» **EXERCISE**
In the records below, find the line containing "Người dân Quảng" and the line containing "Coupelle à bijoux". Give again exactly those lines and every line between them, omitting the pictures.

» **AVAILABLE RECORDS**
*** Block opens ***

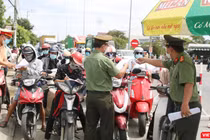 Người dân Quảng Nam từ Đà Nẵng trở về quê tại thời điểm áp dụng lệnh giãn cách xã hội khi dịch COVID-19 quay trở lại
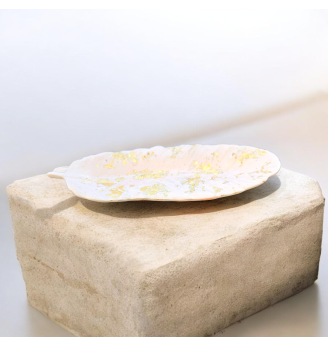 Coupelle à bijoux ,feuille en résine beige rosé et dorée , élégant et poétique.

*** Block closes ***
*** Block opens ***

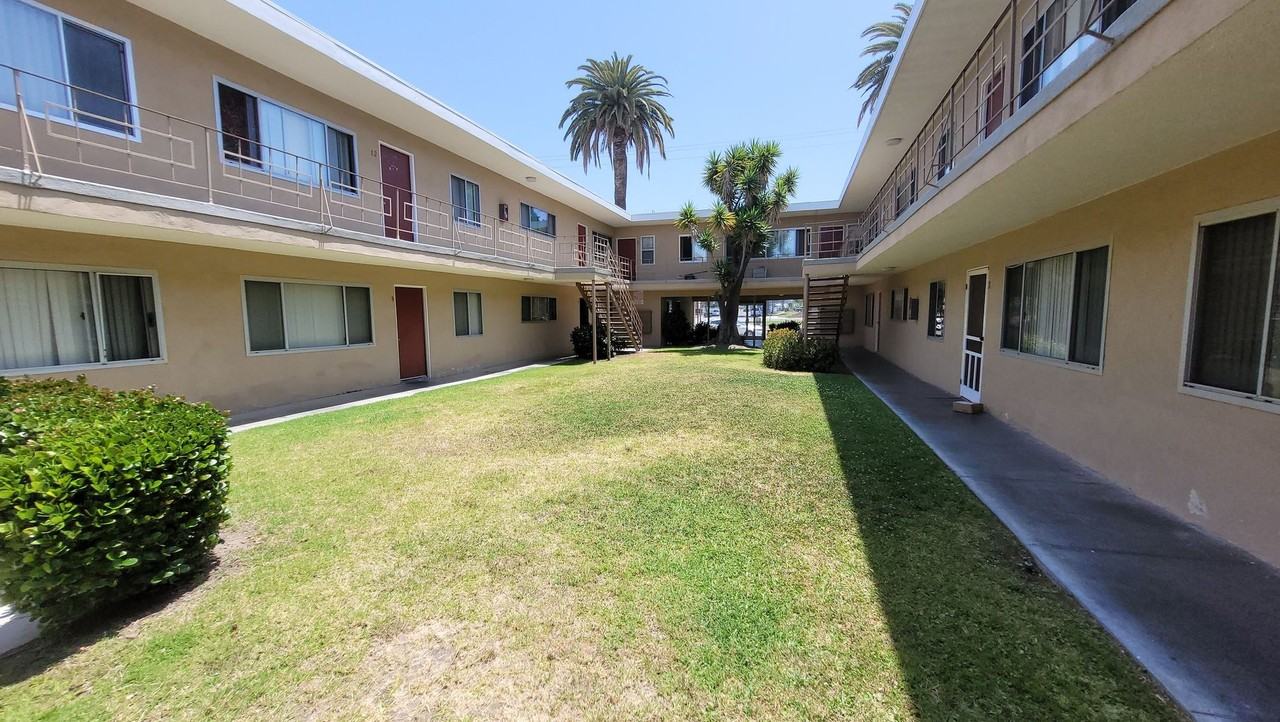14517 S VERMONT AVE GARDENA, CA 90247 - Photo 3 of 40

*** Block closes ***
*** Block opens ***

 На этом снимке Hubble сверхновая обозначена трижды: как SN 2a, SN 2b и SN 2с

*** Block closes ***

» **OUTPUT FOR THIS TASK**
 Người dân Quảng Nam từ Đà Nẵng trở về quê tại thời điểm áp dụng lệnh giãn cách xã hội khi dịch COVID-19 quay trở lại
 Coupelle à bijoux ,feuille en résine beige rosé et dorée , élégant et poétique.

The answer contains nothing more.